Reproduce exactly, with no other output, every line of the data below from the line containing "Louvre-Einbruch: Festgenommene haben" to the end, inclusive.

** Material for the task follows **

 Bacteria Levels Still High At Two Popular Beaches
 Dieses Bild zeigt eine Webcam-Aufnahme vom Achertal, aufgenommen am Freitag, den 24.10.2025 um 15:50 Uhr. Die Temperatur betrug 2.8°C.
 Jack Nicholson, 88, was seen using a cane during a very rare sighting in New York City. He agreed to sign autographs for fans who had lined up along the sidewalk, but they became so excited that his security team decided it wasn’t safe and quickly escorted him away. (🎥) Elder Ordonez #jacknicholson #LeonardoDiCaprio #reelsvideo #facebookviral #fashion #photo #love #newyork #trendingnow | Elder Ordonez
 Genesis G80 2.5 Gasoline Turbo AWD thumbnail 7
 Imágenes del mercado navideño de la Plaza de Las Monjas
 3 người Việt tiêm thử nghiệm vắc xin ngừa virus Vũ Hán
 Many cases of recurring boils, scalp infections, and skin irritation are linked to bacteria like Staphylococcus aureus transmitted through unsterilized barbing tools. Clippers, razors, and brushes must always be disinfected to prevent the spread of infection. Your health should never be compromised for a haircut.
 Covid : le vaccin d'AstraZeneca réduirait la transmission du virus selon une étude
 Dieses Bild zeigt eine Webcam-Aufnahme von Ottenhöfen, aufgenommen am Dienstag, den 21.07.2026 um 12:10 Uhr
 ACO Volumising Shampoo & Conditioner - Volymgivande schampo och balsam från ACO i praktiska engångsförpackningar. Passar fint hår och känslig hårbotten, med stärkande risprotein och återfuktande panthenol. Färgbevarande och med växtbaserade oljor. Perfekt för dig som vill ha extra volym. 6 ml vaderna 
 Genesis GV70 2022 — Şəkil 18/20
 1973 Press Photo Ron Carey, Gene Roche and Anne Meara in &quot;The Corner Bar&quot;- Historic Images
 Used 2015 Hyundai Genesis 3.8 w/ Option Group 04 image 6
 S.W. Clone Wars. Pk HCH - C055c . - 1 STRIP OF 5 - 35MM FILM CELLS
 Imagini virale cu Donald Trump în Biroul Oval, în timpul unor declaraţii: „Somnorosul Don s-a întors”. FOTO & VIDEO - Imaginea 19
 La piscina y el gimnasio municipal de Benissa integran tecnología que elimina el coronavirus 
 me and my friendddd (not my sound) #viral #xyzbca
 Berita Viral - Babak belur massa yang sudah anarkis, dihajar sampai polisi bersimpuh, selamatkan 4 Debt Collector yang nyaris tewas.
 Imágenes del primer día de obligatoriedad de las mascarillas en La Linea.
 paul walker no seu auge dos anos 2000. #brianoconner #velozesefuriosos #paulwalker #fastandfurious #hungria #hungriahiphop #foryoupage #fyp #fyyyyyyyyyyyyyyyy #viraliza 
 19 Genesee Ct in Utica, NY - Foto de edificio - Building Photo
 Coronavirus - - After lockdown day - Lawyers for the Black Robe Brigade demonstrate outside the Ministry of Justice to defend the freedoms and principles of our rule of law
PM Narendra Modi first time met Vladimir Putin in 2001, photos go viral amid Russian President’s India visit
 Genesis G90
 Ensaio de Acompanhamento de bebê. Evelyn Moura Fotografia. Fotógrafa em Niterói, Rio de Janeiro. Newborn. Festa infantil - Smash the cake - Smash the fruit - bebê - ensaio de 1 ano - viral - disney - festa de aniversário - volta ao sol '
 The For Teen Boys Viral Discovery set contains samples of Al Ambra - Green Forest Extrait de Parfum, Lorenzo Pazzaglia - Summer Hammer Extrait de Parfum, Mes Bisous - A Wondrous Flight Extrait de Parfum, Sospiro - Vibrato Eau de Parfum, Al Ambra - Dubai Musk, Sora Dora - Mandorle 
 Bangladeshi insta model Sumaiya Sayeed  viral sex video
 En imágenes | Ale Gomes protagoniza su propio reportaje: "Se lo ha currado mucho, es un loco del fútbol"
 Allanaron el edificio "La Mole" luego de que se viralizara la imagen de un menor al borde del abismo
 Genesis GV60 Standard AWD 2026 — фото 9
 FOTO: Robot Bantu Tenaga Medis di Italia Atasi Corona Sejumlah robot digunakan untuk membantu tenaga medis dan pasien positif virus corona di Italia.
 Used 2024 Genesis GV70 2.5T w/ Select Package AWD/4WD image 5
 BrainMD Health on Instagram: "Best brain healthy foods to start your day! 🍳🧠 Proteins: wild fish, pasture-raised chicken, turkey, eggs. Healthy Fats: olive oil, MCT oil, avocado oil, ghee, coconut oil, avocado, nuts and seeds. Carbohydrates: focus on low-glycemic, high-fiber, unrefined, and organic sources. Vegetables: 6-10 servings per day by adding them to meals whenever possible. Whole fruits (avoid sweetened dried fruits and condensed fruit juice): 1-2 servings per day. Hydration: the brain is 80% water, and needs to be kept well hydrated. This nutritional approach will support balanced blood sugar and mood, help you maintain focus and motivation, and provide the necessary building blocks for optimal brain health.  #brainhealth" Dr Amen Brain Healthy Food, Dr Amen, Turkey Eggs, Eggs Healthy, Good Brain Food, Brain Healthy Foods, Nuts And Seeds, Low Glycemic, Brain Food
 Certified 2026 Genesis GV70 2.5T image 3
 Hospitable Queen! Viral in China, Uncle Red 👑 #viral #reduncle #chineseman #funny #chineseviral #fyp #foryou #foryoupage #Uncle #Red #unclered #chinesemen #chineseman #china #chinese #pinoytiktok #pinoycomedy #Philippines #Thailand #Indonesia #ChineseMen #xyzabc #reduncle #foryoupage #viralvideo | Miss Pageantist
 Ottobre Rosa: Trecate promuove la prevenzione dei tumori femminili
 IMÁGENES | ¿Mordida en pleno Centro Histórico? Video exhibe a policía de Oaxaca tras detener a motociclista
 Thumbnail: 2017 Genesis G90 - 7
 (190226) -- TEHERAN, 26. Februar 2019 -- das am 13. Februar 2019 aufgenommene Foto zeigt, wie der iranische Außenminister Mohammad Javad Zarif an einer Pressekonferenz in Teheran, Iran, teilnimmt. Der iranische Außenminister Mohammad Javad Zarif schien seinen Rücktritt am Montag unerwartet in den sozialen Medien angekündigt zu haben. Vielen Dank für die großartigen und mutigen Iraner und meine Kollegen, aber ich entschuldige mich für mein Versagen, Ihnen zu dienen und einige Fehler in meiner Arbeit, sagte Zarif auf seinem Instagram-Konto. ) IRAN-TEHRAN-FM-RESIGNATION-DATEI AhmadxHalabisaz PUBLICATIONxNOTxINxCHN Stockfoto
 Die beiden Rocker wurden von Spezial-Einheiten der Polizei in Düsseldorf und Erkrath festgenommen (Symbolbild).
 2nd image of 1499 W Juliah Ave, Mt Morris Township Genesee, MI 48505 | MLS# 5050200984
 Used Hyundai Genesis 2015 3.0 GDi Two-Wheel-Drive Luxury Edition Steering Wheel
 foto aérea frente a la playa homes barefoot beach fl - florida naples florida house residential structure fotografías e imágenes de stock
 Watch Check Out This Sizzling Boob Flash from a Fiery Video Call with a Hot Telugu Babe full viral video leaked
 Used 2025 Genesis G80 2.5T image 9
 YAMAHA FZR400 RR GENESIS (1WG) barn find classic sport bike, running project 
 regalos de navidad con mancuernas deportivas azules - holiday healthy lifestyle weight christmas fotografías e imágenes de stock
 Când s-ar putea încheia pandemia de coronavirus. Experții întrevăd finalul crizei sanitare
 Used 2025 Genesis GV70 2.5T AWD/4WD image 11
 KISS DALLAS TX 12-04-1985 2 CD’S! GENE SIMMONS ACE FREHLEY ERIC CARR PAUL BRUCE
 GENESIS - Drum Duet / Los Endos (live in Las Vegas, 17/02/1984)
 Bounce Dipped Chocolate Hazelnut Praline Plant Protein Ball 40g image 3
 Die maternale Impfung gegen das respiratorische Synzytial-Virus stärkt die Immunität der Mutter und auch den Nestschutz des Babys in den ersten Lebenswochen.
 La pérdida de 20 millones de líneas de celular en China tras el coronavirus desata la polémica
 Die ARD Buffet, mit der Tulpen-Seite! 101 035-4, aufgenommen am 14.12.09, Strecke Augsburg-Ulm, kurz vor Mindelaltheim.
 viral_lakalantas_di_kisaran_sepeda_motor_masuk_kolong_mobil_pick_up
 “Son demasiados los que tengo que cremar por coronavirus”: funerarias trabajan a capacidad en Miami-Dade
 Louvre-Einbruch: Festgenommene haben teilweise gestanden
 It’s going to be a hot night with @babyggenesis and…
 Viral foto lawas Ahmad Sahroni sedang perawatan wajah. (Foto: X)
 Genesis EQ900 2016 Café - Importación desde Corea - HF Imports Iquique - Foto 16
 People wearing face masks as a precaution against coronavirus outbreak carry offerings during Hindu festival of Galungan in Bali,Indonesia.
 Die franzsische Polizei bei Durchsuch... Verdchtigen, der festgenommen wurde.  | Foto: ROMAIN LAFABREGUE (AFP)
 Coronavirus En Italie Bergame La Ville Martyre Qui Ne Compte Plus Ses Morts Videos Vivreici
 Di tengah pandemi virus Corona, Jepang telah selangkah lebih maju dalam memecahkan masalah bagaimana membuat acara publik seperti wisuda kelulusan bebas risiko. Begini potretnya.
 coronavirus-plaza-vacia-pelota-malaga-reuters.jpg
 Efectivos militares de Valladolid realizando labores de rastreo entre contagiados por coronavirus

** End of Material for the task **

• **Answer**
 Louvre-Einbruch: Festgenommene haben teilweise gestanden
 It’s going to be a hot night with @babyggenesis and…
 Viral foto lawas Ahmad Sahroni sedang perawatan wajah. (Foto: X)
 Genesis EQ900 2016 Café - Importación desde Corea - HF Imports Iquique - Foto 16
 People wearing face masks as a precaution against coronavirus outbreak carry offerings during Hindu festival of Galungan in Bali,Indonesia.
 Die franzsische Polizei bei Durchsuch... Verdchtigen, der festgenommen wurde.  | Foto: ROMAIN LAFABREGUE (AFP)
 Coronavirus En Italie Bergame La Ville Martyre Qui Ne Compte Plus Ses Morts Videos Vivreici
 Di tengah pandemi virus Corona, Jepang telah selangkah lebih maju dalam memecahkan masalah bagaimana membuat acara publik seperti wisuda kelulusan bebas risiko. Begini potretnya.
 coronavirus-plaza-vacia-pelota-malaga-reuters.jpg
 Efectivos militares de Valladolid realizando labores de rastreo entre contagiados por coronavirus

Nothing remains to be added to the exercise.